The App Store gets a fresh new look
Apple is also completely redesigning the App Store for the first time since it launched. The new UI starts you off in a ‘Today’ tab that makes it easier to discover new apps (there are also dedicated tabs for games, apps and updates) . Meanwhile product pages for individual apps have been refined to highlight the most important details, and can now localize videos and screenshots to different regions.
iOS gets a proper file management app
One of the biggest pieces of news arrived shortly before the event: iOS finally has an honest-to-goodness Files app. Previously, you would need to jailbreak your iPhone if you wanted any sort of proper file management.
The app works as you’d expect , allowing you to access nested folders, recent files, search, and your choice of grid or list views. It’s also integrated with cloud services like iCloud, Google Drive, Box, and DropBox.
The iPad becomes a lot more like a MacBook
iPad users are getting a few nifty extras. Most notably, Apple’s Dock at the bottom of your screen is finally becoming useful – and a lot more like macOS. You can now include as many apps as you’d like in the Dock, and access it within any app by swiping from the bottom of your screen. It even uses AI to predict which apps you want to open next.
Moreover, you can finally drag and drop in iOS. You can drag an app from the Dock to the side of your screen to open it in slide-over mode. You can then drag and drop text and content in between apps.
People who try to get real work done on an iPad will also appreciate that the recent apps view now conserves your various split-screen workspaces. That means you can switch between apps and still maintain your multi-tasking setups.
Meanwhile, Apple has improved support for the Apple Pencil, taking a page from Microsoft’s Surface and adding annotation features to PDFs, Notes and the Mail app. You can even start drawing instantly by tapping the Apple Pencil on the display right from your lock screen.
Apple is finally paying attention to AR
Pretty much every major tech company has invested in AR or VR, which made Apple the conspicuous omission. That’s no longer the case: Apple today introduced ARKit to make it easy for developers to integrate AR experiences to iOS devices using the built-in camera and sensors.

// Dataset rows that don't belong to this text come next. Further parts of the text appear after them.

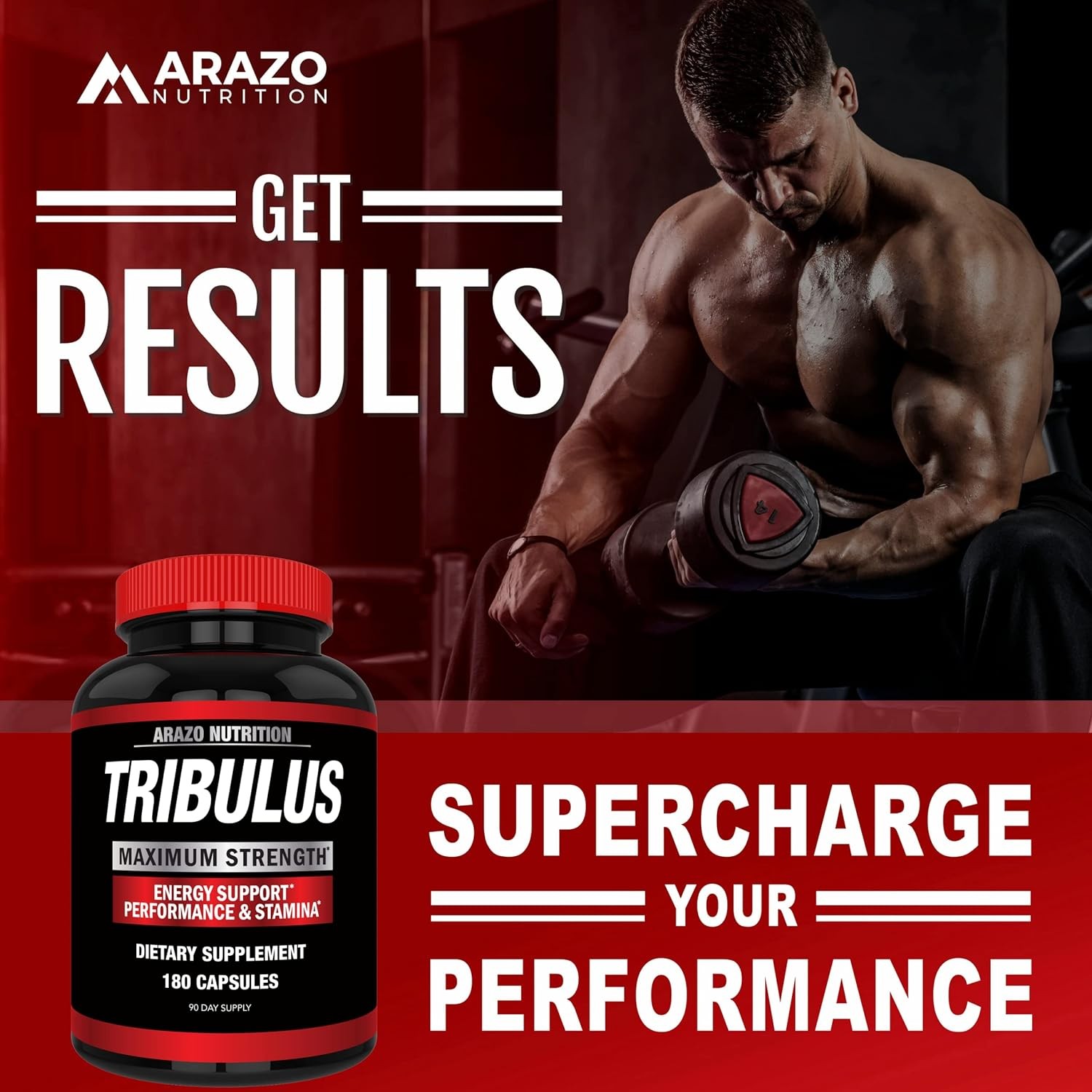 Arazo Nutrition Tribulus Terrestris 1500mg Extract Powder – 180 Capsules -…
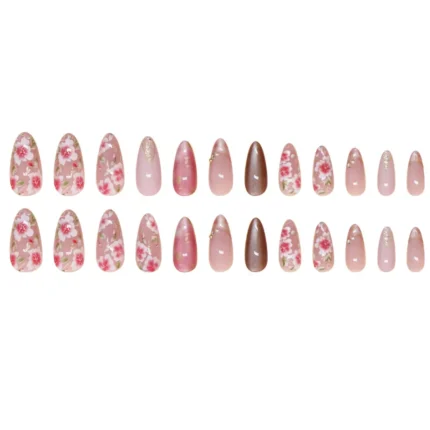 24Pcs Peach Blossom Press on Nails Cat's Eye Nude Glitter False Nail for Women&Girl Spring and Summer Detachable Wearable Nail - Image 5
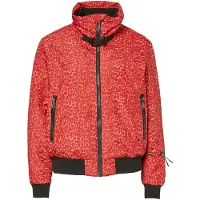 Chiemsee Women's im angesagten Blouson-Schnitt und All-Over-Print Jacket, Red/Dark Red Ao, 1061702, M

Listening to FLAC files just got much easier
FLAC is one of the most popular audio formats among audiophiles, and iOS 11 lets Apple’s devices play the filetype natively. You could previously use third party apps to do so, but a native solution is always appreciated.
QR Codes become cool again
The camera app now comes with a built-in QR code reader. Just point the camera at a QR code and you’ll see a pop-up toast with the information or link contained in the code. I wouldn’t be surprised to see a small resurgence in QR codes over the next few years.
Edit your screenshots
Another handy feature is the ability to animate and edit screenshots.
Once you grab a screenshot, you’ll have the option to edit the image before saving it. Among other things, the new functionality lets you edit out undesired areas in your screenshots or add various visual markers for improved visibility. Check it out in action:
Play animated GIFs
For many netizens, GIFs are a way of life, but you previously had to rely on third party apps to play them back on an iPhone. Fret no more, as the Photos app now natively supports everyone favorite outdated animated image format.
Of course, you have live photos, but who actually uses those?
Capture your screen
Apple made tech reporters’ lives much easier with a new screen capture tool, which is exactly what it sounds like. Rather than just taking screenshots, you can now record video of what you’re doing on your iPhone.
The feature is dead simple to activate – simply enable the recording button in the Control Center settings, and then tap the big red circle from within the panel.
iOS 11 is available in public beta form now, and will launch widely sometime in the fall.